The manufacturing entity has been renamed DIMIER 1738, a name historically associated with BOVET. With its 70 employees and 2,000m2 of workshops, Dimier S.A. will continue to serve existing and other third-party clients while developing BOVET’s new movement calibre, due in 2008.
Mr Pascal Raffy, who took over BOVET in 2001, constantly strives to increase the brand’s creative and technical resources. He says the recent acquisitions will guarantee watches of supreme quality, although production will have to remain limited.
In February 2006, Mr Raffy decided to buy the mediaeval Château de Motiers, overlooking the town of Fleurier where BOVET’s roots stemmed more than 150 years ago. The soon to be restored castle will house BOVET’s headquarters and assembly workshops in 2008.
With BOVET’s rapid expansion of its production resources and return to the home of its founding family, Mr Raffy aims to restore the brand to its historical prominence as a source of important horological art.
Edouard and Alphonse Bovet founded the family company 180 years ago with sales offices in Canton and London and production in Fleurier, Switzerland. Today the BOVET timepieces can be ordered from retailers in 30 countries and from its sales subsidiaries in Hong Kong and Japan.
BOVET displays its artistic heritage and high technology in the Fleurisanne engraved dial of an eight-day self-winding tourbillon in a diamond-set Fleurier case.
The unique Essence of a BOVET watch
BOVET has exploited its rich historical assets to develop a distinctive style of wristwatch that adapts a pocket-watch case with a bow and crown at 12 o’clock to the wrist.
The brand’s artistic influence, evolved from the luxury timepieces made for the Imperial Chinese market in the 19th century, is preserved in BOVET’s own decorative techniques, including fleurisanne raised engraving, miniature painting, enamelling, blued steel and serpentine hands.

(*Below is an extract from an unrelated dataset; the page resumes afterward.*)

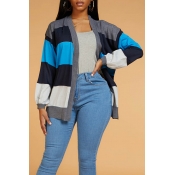 Lovely Casual Striped Blue Cardigan
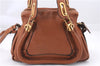 Authentic Chloe Paraty Small 2Way Shoulder Hand Bag Purse Leather Brown 4928E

BOVET’s President and owner, Pascal Raffy, introduced complicated watchmaking when he took the brand over in 2001. BOVET has since developed a full repertoire of the classic complications, notably the tourbillon minute-repeaters with inverted movements to reveal both mechanisms in a finery of engraving.
Most of BOVET’s production of around 2000 watches a year consists of unique pieces. Collectors can order specific complications, a miniature portrait on the dial, an engraved movement, gemsetting or motifs in enamel.
In addition, BOVET produces two different models in small and ever-changing series.
For formal dress, or for party wear, the Fleurier watches for men and women are made with a variety of dials, self-winding movements, diameters and decoration, but always in rose gold, white gold or platinum. Each watch is different to some degree.
The Sportster watches, robustly built, in steel, gold, platinum or titanium, and equipped for active daily wear have self-winding chronograph or triple-date movements. The Sportster chronograph offering the small second register at 6.00 is COSC-certified chronometer and water-resistant to 100 metres. The latest Sportster Saguaro’s 46mm case is water-resistant at 1,000 metres.